- Russian title card
- Armenian: Տարվա եղանակները
- Directed by: Artavazd Peleshyan
- Written by: Artavazd Peleshyan
- Cinematography: Mikhail Vartanov
- Edited by: Aïda Galstyan
- Music by: Tigran Mansurian
- Production company: Armenfilm
- Release date: 1975;
- Running time: 29 minutes
- Country: Soviet Union
- Languages: Armenian (minimal dialogue); Russian inter-titles;

= Seasons of the Year =

Soviet/Armenian 1975 documentary film

Seasons of the Year (Տարվա եղանակները; Времена года), also called The Seasons or Four Seasons, is a 1975 Soviet–Armenian short documentary film written and directed by Artavazd Peleshyan.

The film depicts the struggles of an isolated Armenian farming community against seasonal elements. Armenian folk music is mixed with Vivaldi's Four Seasons. We see the villagers raising sheep and cattle, rolling haystacks down a hillside, dealing with rain and storms, celebrating a wedding, and sliding down a snowy hill while carrying sheep.

==Production==

Seasons of the Year was filmed by Mikhail Vartanov in black-and-white on 35 mm film in the Armenian SSR. It was Peleshyan's first film not using archive footage.

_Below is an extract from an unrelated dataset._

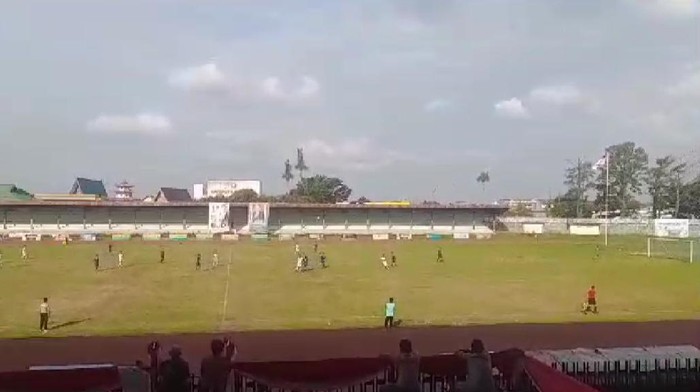 Laga sepakbola di Stadion KONI Jambi akhirnya digelar setelah sempat tertunda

It was his second and last collaboration with cinematographer Mikhail Vartanov, after Autumn Pastoral (1971).

==Release==
Seasons of the Year was released in 1975. Decades later it became critically admired in the West, showing at the 40th Berlin International Film Festival (1990), CPH:DOX (2003), the 68th Venice International Film Festival (2011) and the International Documentary Film Festival Amsterdam (2012 and 2021). The scene of farmers sliding down the snowy hills with sheep and rolling haystacks down a steep hill have become famous.

=== Restoration ===
In 2026, five decades after its original release, Cineteca di Bologna under Peleshyan's supervision restored five silent shorts films from his filmography, including Seasons of the Year. The 4K scanning took place at Public Television Company of Armenia, in association with: Cinema Foundation of Armenia, Public Television Company of Armenia, VGIK and Belarusfilm. Additional support by: ZDF/Arte, ArMa Media Production LLC and Calouste Gulbenkian Foundation.

==Legacy==

Andrei Ujică listed it among his favourite films, calling it "not a frame too short, not a frame too long." Verena Paravel also described seeing it on her first day of film school, calling it "the beginning of a cognitive and creative revolution for me." Ian Christie has written that Seasons of the Year is a "a vivid calendar of land and animal husbandry," comparing it to Salt for Svanetia (1930).

It was listed at #47 on Sight & Sound's list of the Critics’ 50 Greatest Documentaries of All Time, and finished #14 on the Filmmakers' list.